Data.

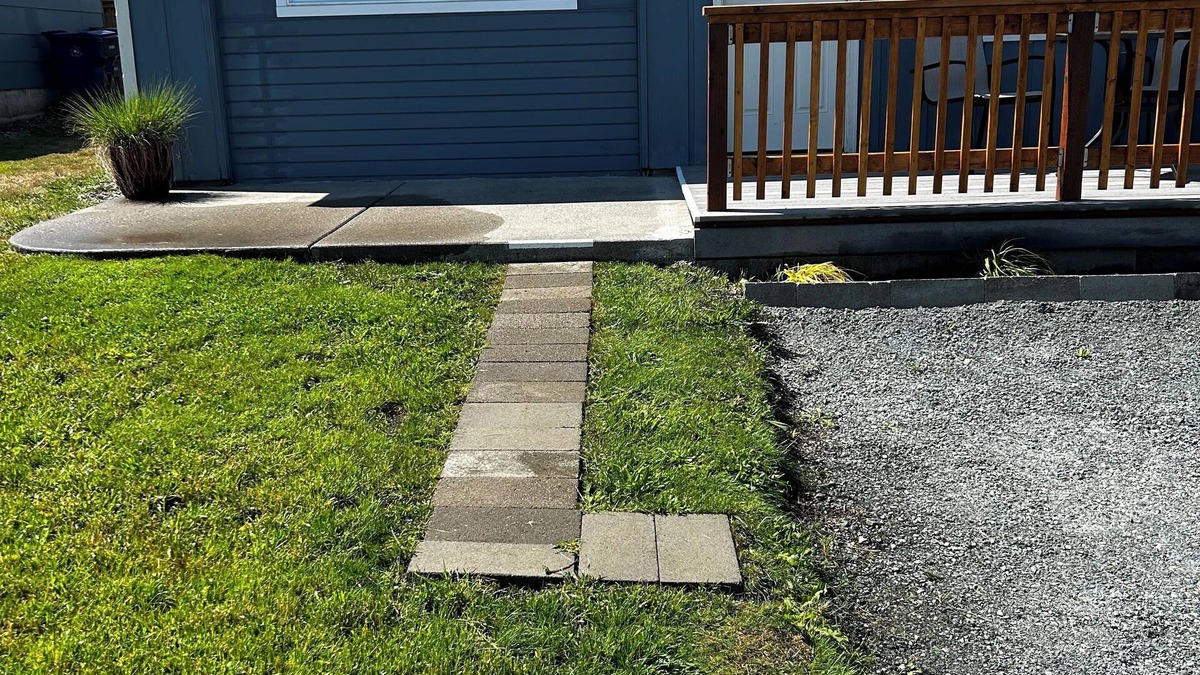 Anacortes Cottage | Mount Baker view free standing cottage with a small deck. Very clean and quiet!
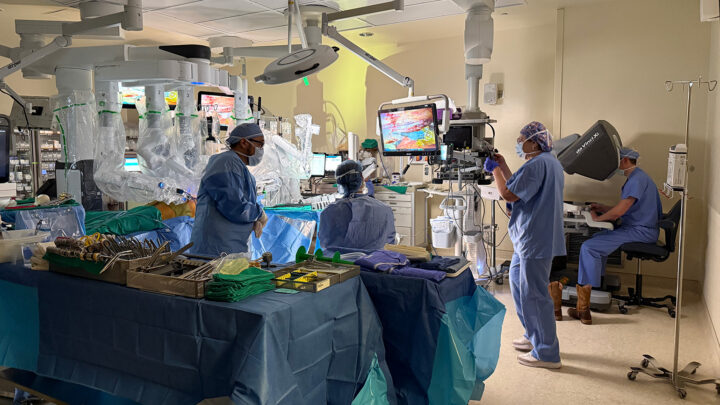 Équipe chirurgicale préparant une intervention cardiaque robotisée chez El Camino Health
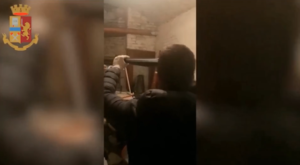 Torino: fucili e cartucce in cantina. Arrestato quarantacinquenne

Exercise description. What is needed is an exact repetition of every line from the line with "Équipe chirurgicale préparant" to the end of the data above, both ends included, with no pictures.

Answer area.
 Équipe chirurgicale préparant une intervention cardiaque robotisée chez El Camino Health
 Torino: fucili e cartucce in cantina. Arrestato quarantacinquenne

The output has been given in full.